Was just wondering could anybody shed any light on the need for planning permission for a pedestrian entrance gate onto a public footpath to the rear of my property.

I have read the exemption clauses in the planning guidelines, and hey would seem to suggest that it is not required.


----------



## sallins (10 Jul 2009)

ask your local authority.


----------



## onq (10 Jul 2009)

Very economical descriptions tend to omit important details.

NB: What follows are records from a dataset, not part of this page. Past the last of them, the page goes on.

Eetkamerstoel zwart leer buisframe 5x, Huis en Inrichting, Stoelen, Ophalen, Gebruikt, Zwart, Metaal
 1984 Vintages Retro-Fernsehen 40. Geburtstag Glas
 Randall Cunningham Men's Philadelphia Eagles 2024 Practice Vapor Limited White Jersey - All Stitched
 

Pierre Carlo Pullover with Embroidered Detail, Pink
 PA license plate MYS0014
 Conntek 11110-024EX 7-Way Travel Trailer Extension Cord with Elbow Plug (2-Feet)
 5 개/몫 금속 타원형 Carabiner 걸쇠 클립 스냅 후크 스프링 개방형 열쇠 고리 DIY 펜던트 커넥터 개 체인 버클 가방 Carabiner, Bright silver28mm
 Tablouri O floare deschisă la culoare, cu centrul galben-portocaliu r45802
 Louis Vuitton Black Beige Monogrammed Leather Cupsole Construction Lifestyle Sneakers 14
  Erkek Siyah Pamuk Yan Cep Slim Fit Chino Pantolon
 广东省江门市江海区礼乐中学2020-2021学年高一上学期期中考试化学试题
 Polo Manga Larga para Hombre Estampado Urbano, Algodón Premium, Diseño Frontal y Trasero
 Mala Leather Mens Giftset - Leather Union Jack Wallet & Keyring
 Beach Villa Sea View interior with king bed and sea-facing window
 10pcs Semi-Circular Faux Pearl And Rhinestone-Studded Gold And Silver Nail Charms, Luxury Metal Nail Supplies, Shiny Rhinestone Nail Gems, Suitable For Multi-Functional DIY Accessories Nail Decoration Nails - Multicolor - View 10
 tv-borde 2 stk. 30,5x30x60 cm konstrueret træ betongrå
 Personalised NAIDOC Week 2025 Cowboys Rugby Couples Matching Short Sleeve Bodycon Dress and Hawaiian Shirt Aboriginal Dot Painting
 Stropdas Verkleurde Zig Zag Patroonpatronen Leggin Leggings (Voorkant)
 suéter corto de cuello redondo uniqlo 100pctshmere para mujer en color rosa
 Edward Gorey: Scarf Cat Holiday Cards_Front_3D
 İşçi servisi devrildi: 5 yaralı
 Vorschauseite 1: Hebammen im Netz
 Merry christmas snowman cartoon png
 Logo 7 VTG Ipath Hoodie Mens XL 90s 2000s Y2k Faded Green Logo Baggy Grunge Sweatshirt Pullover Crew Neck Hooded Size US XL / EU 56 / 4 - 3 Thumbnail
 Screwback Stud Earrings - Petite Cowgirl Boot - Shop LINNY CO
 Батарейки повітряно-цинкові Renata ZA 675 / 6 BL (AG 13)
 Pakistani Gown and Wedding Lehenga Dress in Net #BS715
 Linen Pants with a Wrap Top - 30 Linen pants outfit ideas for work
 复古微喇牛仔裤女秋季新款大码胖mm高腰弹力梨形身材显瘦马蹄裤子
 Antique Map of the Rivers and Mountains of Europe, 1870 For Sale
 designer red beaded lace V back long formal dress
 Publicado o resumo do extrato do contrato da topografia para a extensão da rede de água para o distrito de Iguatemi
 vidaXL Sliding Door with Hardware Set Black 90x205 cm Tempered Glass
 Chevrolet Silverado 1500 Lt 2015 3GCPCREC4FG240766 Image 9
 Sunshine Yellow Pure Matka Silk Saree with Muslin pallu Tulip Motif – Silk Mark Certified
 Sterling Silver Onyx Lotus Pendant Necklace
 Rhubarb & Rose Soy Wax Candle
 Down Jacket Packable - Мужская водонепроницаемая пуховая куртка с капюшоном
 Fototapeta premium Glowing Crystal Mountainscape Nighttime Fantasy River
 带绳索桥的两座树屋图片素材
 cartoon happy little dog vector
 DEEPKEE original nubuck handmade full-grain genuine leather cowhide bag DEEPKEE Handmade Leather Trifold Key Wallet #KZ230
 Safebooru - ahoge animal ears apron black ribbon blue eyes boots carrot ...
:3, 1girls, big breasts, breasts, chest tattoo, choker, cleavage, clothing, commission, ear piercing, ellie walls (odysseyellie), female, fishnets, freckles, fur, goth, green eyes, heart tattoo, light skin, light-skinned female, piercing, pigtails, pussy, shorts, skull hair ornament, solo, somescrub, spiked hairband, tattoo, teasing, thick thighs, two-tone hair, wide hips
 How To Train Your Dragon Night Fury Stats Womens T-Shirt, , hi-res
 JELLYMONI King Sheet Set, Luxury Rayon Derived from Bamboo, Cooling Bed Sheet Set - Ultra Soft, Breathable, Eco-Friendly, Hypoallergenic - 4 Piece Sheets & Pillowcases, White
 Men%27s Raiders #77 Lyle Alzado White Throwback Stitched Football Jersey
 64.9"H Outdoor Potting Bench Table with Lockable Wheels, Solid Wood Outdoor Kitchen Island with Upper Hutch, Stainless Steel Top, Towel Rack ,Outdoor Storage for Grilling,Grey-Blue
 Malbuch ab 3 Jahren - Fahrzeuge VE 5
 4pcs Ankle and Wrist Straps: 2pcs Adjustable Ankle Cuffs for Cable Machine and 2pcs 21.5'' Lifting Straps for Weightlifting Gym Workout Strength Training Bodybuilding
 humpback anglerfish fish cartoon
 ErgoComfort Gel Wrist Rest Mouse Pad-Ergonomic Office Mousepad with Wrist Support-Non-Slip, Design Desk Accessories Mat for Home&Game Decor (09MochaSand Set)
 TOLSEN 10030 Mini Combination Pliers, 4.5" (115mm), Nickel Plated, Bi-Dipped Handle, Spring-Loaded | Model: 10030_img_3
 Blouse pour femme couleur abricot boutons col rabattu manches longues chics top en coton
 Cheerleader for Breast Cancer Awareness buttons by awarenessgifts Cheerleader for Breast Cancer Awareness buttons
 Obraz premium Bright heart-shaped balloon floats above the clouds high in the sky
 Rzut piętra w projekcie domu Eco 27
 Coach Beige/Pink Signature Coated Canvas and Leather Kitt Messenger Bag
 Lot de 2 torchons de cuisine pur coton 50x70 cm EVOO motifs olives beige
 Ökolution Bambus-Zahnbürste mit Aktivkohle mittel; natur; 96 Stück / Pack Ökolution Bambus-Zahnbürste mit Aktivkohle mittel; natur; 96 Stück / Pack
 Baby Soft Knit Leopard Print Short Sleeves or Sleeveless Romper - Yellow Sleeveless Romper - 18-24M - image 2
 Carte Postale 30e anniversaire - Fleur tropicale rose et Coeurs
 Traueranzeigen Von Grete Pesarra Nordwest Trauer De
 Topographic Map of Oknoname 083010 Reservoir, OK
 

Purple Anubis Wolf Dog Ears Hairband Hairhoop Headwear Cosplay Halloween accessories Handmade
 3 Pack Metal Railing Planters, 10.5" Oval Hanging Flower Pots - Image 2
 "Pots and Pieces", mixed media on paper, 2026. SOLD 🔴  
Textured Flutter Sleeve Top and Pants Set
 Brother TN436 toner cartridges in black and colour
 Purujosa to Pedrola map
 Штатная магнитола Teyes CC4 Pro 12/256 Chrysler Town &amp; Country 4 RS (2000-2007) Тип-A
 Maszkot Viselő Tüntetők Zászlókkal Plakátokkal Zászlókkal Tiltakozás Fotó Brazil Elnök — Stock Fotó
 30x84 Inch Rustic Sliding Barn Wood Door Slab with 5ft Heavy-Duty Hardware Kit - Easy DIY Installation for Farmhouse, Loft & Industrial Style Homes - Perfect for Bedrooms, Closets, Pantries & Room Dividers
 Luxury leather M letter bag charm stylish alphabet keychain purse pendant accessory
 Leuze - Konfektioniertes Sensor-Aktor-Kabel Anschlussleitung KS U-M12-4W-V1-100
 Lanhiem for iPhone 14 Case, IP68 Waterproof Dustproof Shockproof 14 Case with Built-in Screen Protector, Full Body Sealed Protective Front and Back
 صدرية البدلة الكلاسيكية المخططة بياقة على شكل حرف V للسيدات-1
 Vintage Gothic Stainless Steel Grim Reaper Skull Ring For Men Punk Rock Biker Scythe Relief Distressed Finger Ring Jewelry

What's a public footpath doing at the rear of your property?



ONQ


----------



## Swallows (10 Jul 2009)

Hi, I agree that you  probably dont need planning permission if the boundary fence belongs to you. No one would raise an eyebrow if you want to access the footpath by putting a small gate there.


----------



## sydthebeat (11 Jul 2009)

once the gate complies with the requirements for exemption, its exempt....

1. The height of any such structure
shall not exceed 2 metres or, in the case
of a wall or fence within or bounding any
garden or other space in front of a house,
1.2 metres.

2. Every wall other than a dry or natural
stone wall bounding any garden or other
space shall be capped and the face of any
wall of concrete or concrete block (other
than blocks with decorative finish) which
will be visible from any road, path or
public area, including public open space,
shall be rendered or plastered.

3. No such structure shall be a metal
palisade or other security fence.


----------



## DGOBS (11 Jul 2009)

Thanks Syd, kinda exactly what I had come up with.

OQN, there is a footpath (and road) to the rear of my property as my property
is in a small estate to which my front faces a main road, and my rear faces the green of which is part of my estate, there is a road around the green ending in a cul-de-sac which is the access road for the houses that do face the green, and the footpath the runs with the road runs along my rear boundy wall (approx 1.8m in height) so the proposed gateway would no exceed 2m.

It's purpose is so my young kids can safely access this green to play with other children, as the main road if very fast and dangerous and I dare not let them walk around that way.


----------



## onq (12 Jul 2009)

Two questions, so:

Have other people done it?

Is there a piece of land between the path and your rear boundary or do you directly abut the path?

ONQ


----------



## DGOBS (12 Jul 2009)

No, nobody else has done it yet (only 4 houses back onto it, so it's not like a whole hoard can do it anyway)

Yes, the footpath concrete is right up to the wall, there is no verge separating them.


----------



## DGOBS (15 Jul 2010)

Would like a comment on this, as in, construction of a new gate (pedestrian) onto a footpath where the road is in excess of 4m wide, would this be considered access to a public road? or is that vehicular access being referred to?


----------